A senior fellow has a few years of experience in research and often holds a more senior position (in academia, this would probably most likely be an Associate Professor/Reader and up). You may also be a professional who works outside of academia (e.g. at a company, public authority or as an independent researcher or practitioner in a field relevant to DS research).
A junior fellow is likely a PhD student, a recent PhD or someone otherwise at the beginning of their research career, or a junior professional working outside academia with relevant Data Society research.
Apply
The Data Society Research program at Malmö University was established in 2019, as part of a larger effort to consolidate strong research at the university. Data Society research program focuses on advancing the field of digitalization studies, broadly defined. The program aims to advance critical studies of digitalisation and datafication as pivotal change agents. The program’s researchers work on the social and cultural issues arising from data-centric technological development.
Your contribution
Guest researchers will be asked to contribute to one or more of the following program activities depending on their proposed program and the length of their stay:
- Conduct their proposed activities, and share the work in an appropriate way (seminar, workshop, installation, event, publications)
- Collaborate on a research project with program researchers
- Co-organize and/or participate in Data Society seminars, workshops, or conferences.
- Initiate projects or prepare research applications with program researchers
- Academic writing, single-authored or co-authored with a program researcher. All fellowship publications must be listed in Malmö University’s institutional repository for publications (DIVA) as a Data Society-affiliated publication.
All fellows will be asked to host or be part of at least one public Data Society event during their stay and to write a brief public report about their stay within one month of departure.
Program objectives
- To actively contribute to the research environment in the Data Society research program.
- To enable research staff and doctoral students at the department to work with leading academics and professionals from Sweden or elsewhere.
- To give fellows an opportunity to collaborate in joint research with program researchers
- To develop and promote links with other institutions, companies, and organizations in Sweden and abroad.
What we offer
We offer a stipend, travel costs (details will be discussed if you are offered a fellowship), and accommodation during the stay in Malmö. Unless otherwise agreed, the fellowship is not remote/virtual. The fellow is expected to come to Malmö, Sweden.
We do not cover salary.
You can apply for additional funding to support project costs in the application.

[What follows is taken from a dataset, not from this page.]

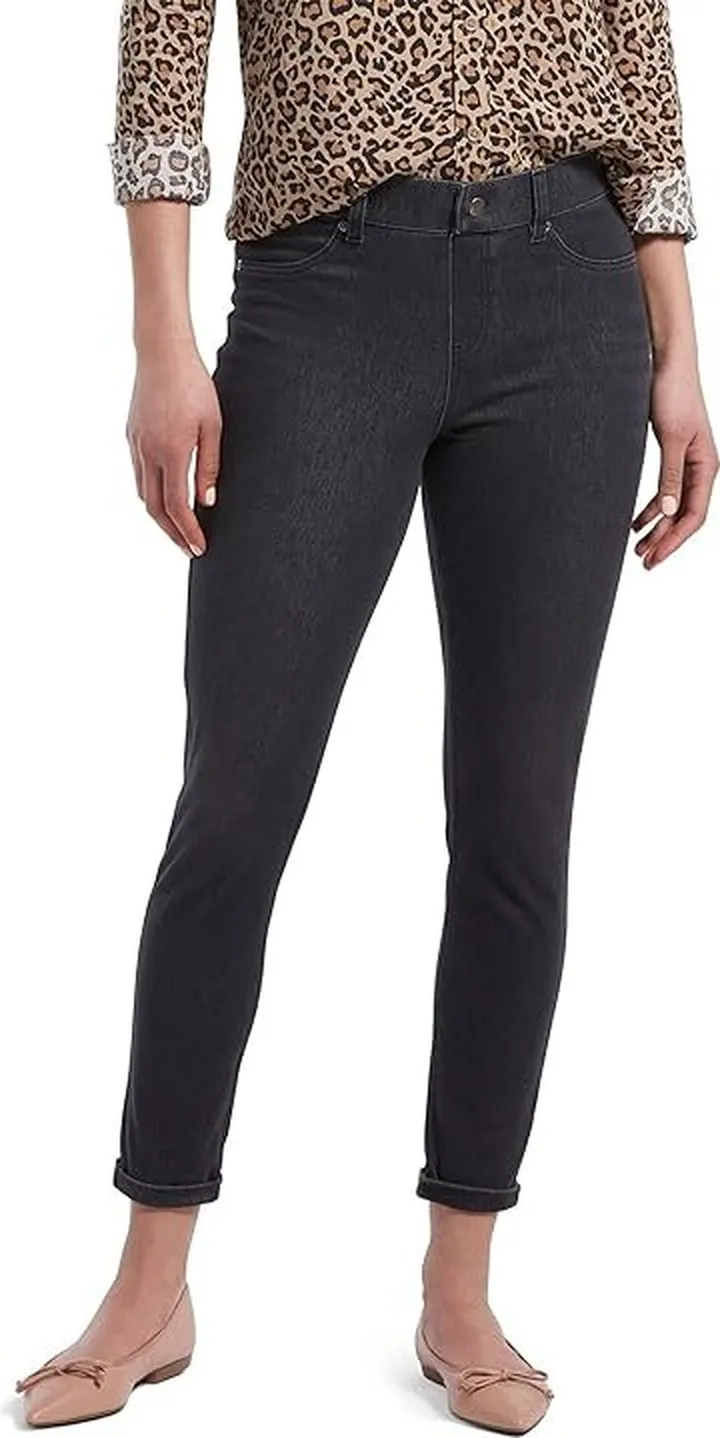 HUE Women's Ultra Soft Fashion Denim Skimmer Legging (Graphite Wash - Skinny Cuff) Women's Casual Pants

You may suggest your own dates for the visit. Activities can start at the earliest two weeks after you have been accepted to the fellowship. Please note that we cannot accommodate researchers during the summer, June 20-August 20 unless otherwise agreed.
How to apply
You should get in touch with one of the Data Society-affiliated researchers before you apply, in order to ensure that your project fits the Data Society research directions or research agenda of affiliated projects. Email Maria Engberg for details on the application process.
Previous seminars and events
Data Society seminar series
in English:
25 February, 2021
Mau Play: Interpretive Sociology and Computational Methods - Simon Lindgren
15 October, 2020
Mau Play: Participatory engagement in museums - Pille Pruulmann-Vengerfeldt
Storytelling of the Future seminars (Framtidens berättande)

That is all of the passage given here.